Speaking of mob flicks, anyone hear that they're making a movie based on the book <i>I Heard You Paint Houses</i>?


----------



## Easy Gibson (Dec 3, 2010)

2 questions:

1. Where can I get my 6 7/8 Local sticker?

2. You going to raise the rear of that second floor a wee bit?


----------



## superseal (Feb 4, 2009)

Easy Gibson said:


> 2 questions:
> 
> 1. Where can I get my 6 7/8 Local sticker?
> 
> 2. You going to raise the rear of that second floor a wee bit?


1. My buddy had these made up from a local print shop...I'll see what I can do. I actually want to get some more myself anyway.

2. We're actually going to use 10ft doors on the new one so the tenant can store his mini ex, some bobcats, along with some compressors and such. The building will come out to face of the others so it's flush with the right side. Not sure if we'll do a second floor yet...we might.

Lets just say the building committee approved the plan...whatever it might be :whistling

We put these three elevated shops in a couple years back, of course with appropriate approvals 

These are typical cold weather work projects that he saves up so if we get slow, we bang'em out. There's always a lot of extra hands around to help out along with some heavy equipment...and of course free concrete :thumbup:


----------



## superseal (Feb 4, 2009)

We got lazy over the winter and nobody donated any time to the old garage. This past month however, we snuck a few days here and there to satisfy the boss in his efforts to get some additional rent.

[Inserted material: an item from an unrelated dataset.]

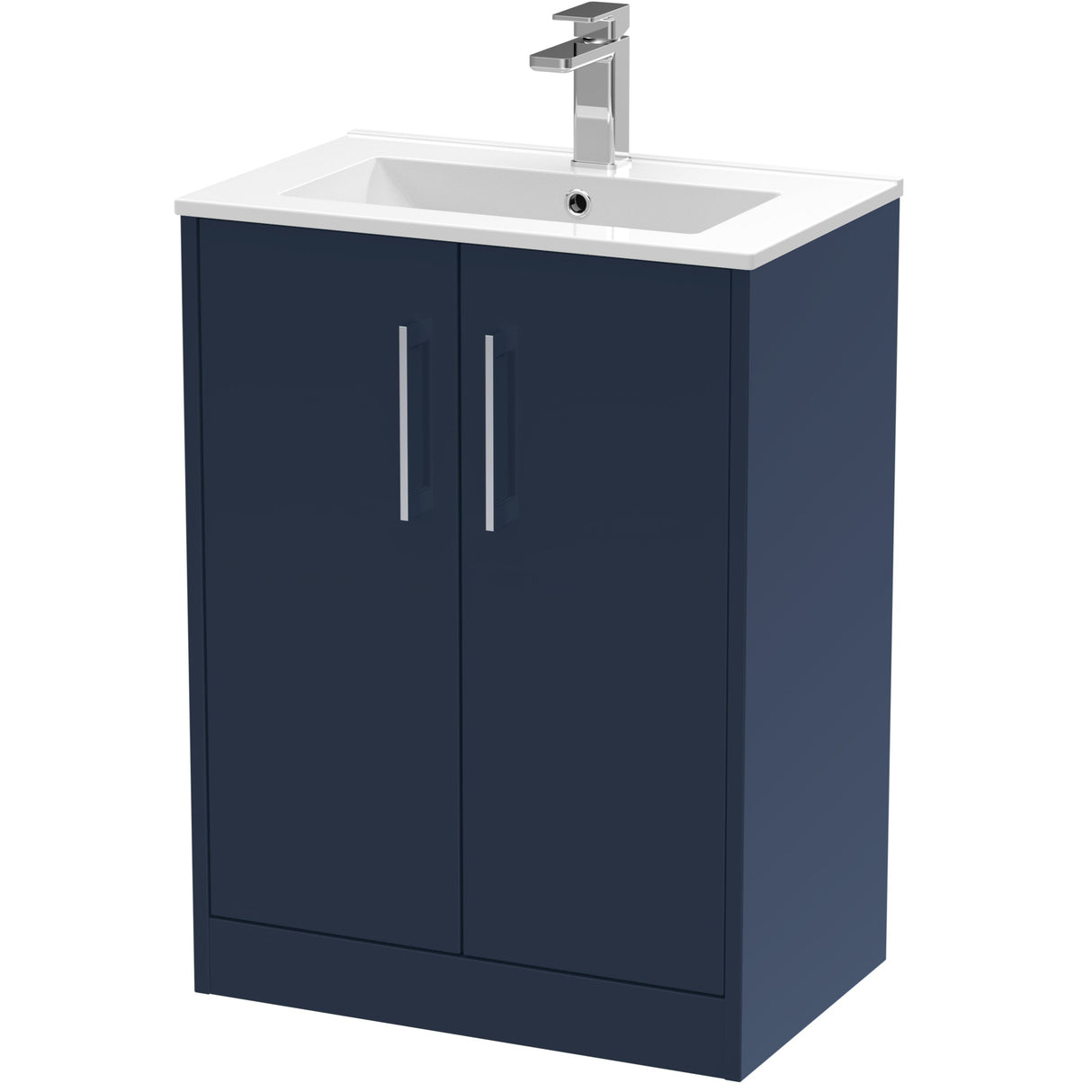 Hudson Reed Juno 600mm Freestanding Vanity Unit & Basin, 2 Doors Midnight Blue JNU2903B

We tore some more of it down and then a fierce windstorm knocked the rest over. Police came over to the shop one day and warned us the back wall was leaning into the neighbor's yard...sure and chit he was right. My buddy Nick did a chitty brace job so we shot over and yanked the rest down.

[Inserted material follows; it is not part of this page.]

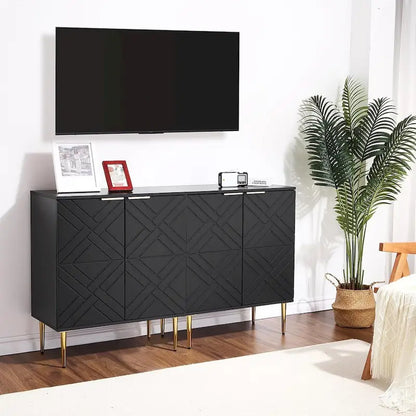 Modern Wood Metal Cabinet with Storage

We took all the trash over to yard and burned most of it, salvaged some metal and old cedar timbers and scraped the site flat.

Next was a trench cut for the rear footing, we took it down 3 ft and Nick maned the backhoe. A little sloppy, it took 8 yards. A stem wall was then formed 8" thick and then we'll take the blockwork off of that.

What do ya know, bossman actually getting dirty today bringing us over a load of block :laughing:


----------



## superseal (Feb 4, 2009)

Front footing was poured and no break blocks to be found in the yard...guess we'll need to improvise until we pick some up.

So what do you do when the orders are slow due to threatening rain...you pour the floor, that's what you do :laughing:

Nick picked out the door sizes even though I told him we should have bucked some 36's,... garage doors will be 8 x 9's

How do like our stack bond silliness :whistling that Nick, I'll tell ya!

He says it's getting stucco anyway :laughing:

I gotta get the hell outta here and get to my paying job!


----------



## superseal (Feb 4, 2009)

Since mostly everybody cancelled their work plans today because of rain and high winds...we were all hanging out at the plant shooting darts and smacking balls.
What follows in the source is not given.